**Exercise description**
Please retype every entry as written, and keep the pictures out.

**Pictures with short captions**

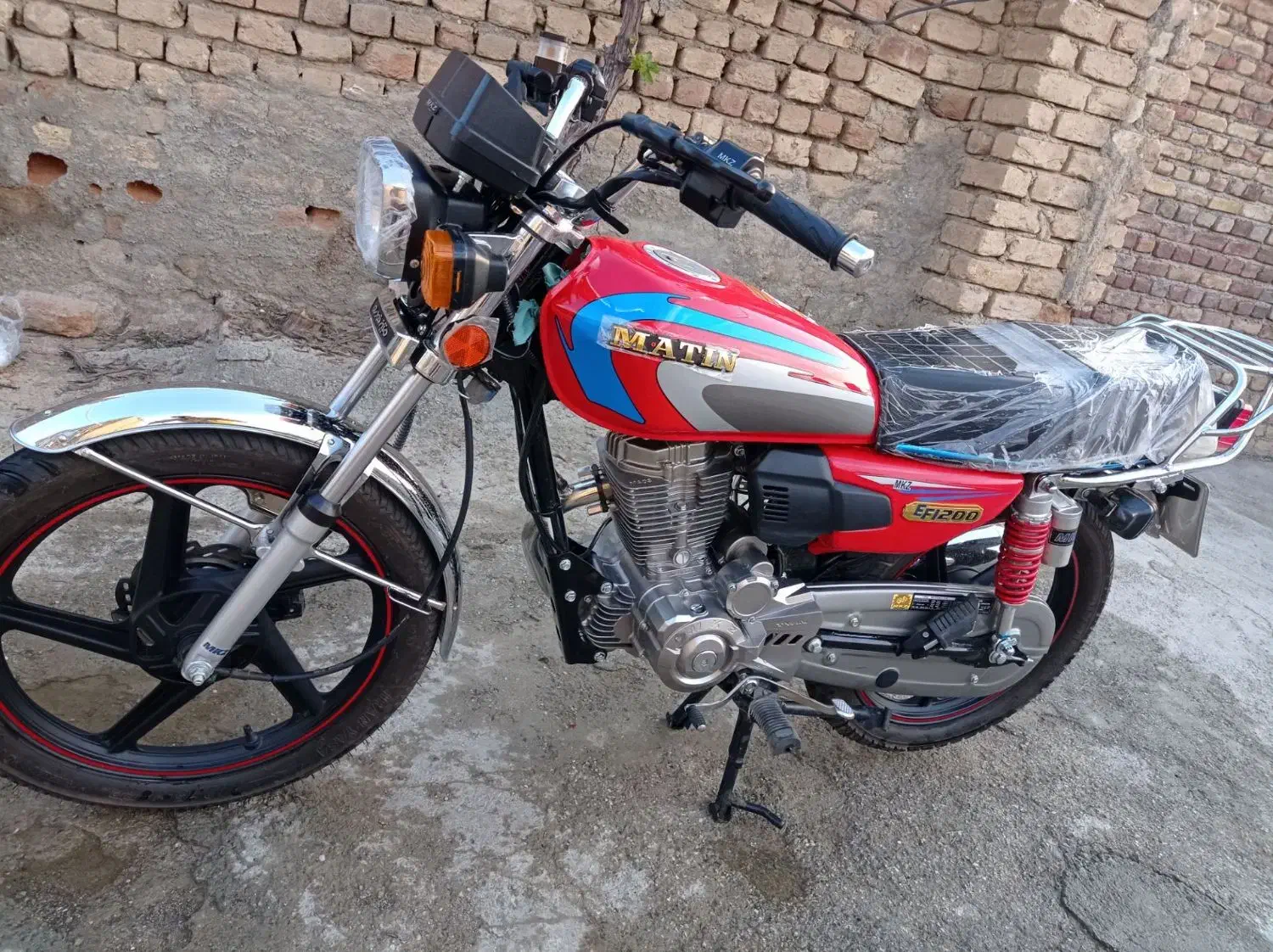 متین ۲۰۰ مدل ۱۴۰۲ در حد صفر|موتورسیکلت|کنگاور, |دیوار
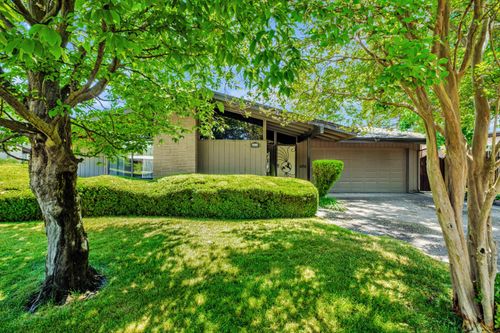5474 Wildflower Cir, Carmichael, CA, 95608-6610 | Card Image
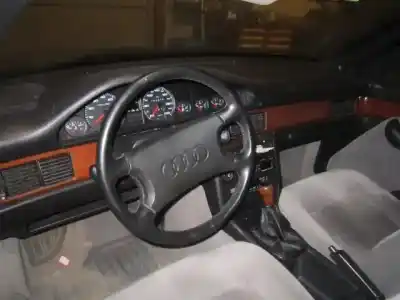 Veicolo di demolizione audi 100 2.2 g -ku dell'anno 1990 alimentato g-ku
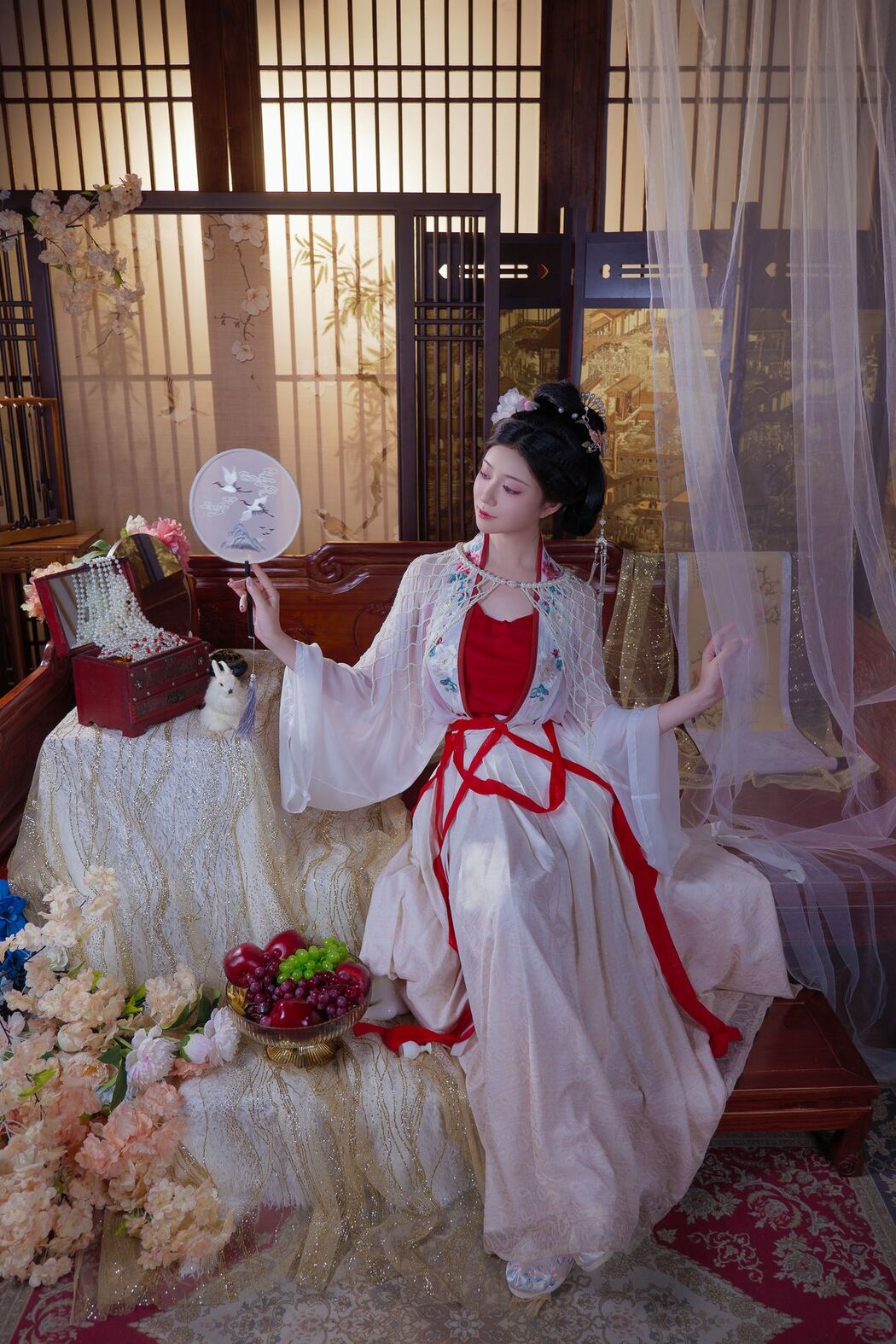 Coser@年年Nnian – 广寒宫 (81P)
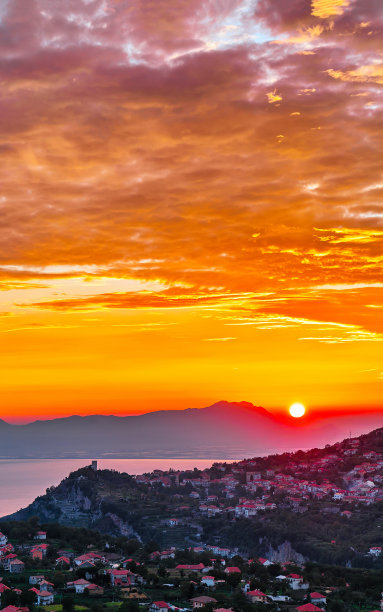 夕阳下的大山风景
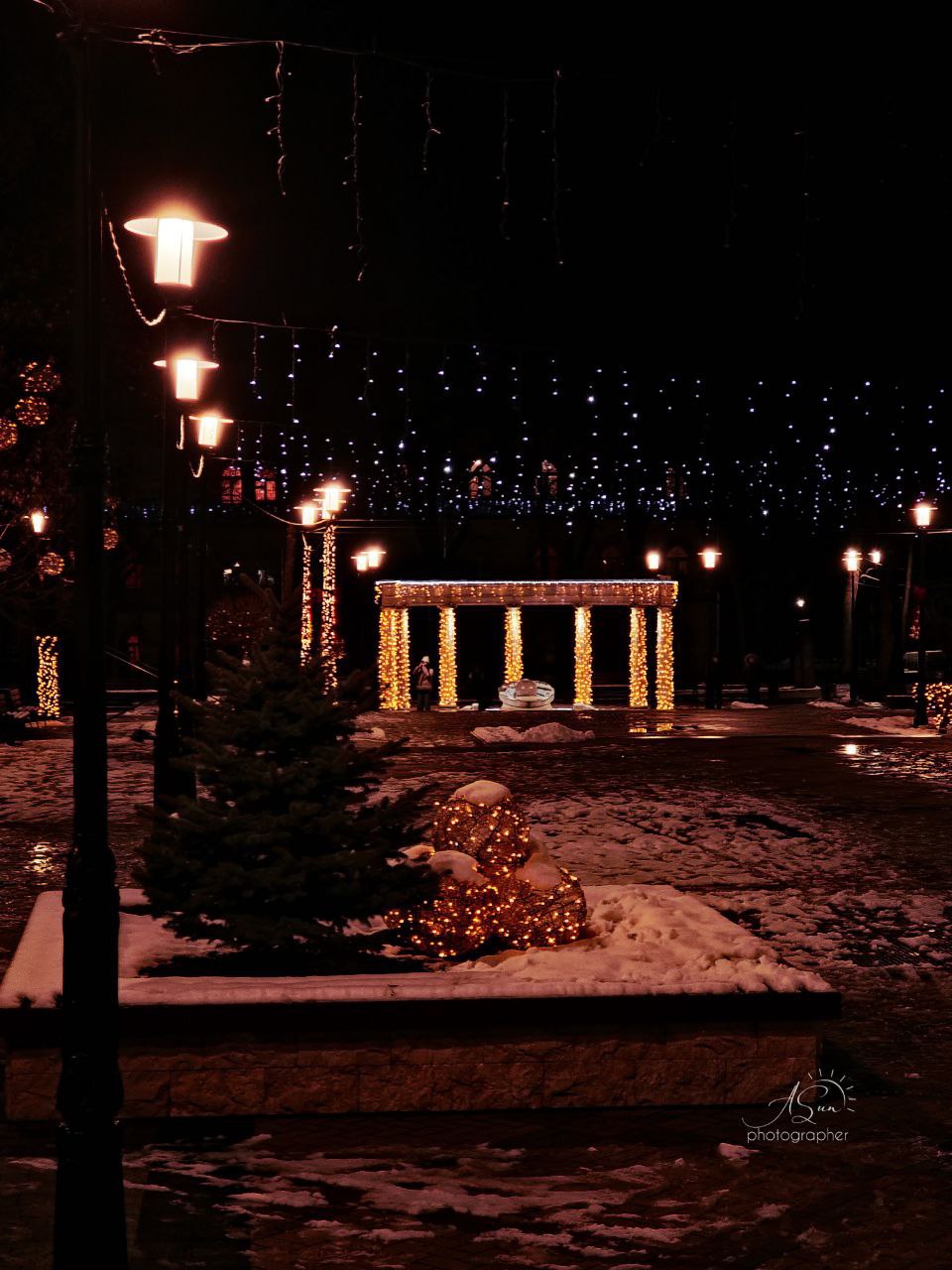 🎄 Новогодняя атмосфера в Ессентуках
Фото: @lifesunlife
@stavdvor | Сетка — социальная сеть от hh.ru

**Expected answer**
 متین ۲۰۰ مدل ۱۴۰۲ در حد صفر|موتورسیکلت|کنگاور, |دیوار
5474 Wildflower Cir, Carmichael, CA, 95608-6610 | Card Image
 Veicolo di demolizione audi 100 2.2 g -ku dell'anno 1990 alimentato g-ku
 Coser@年年Nnian – 广寒宫 (81P)
 夕阳下的大山风景
 🎄 Новогодняя атмосфера в Ессентуках
Фото: @lifesunlife
@stavdvor | Сетка — социальная сеть от hh.ru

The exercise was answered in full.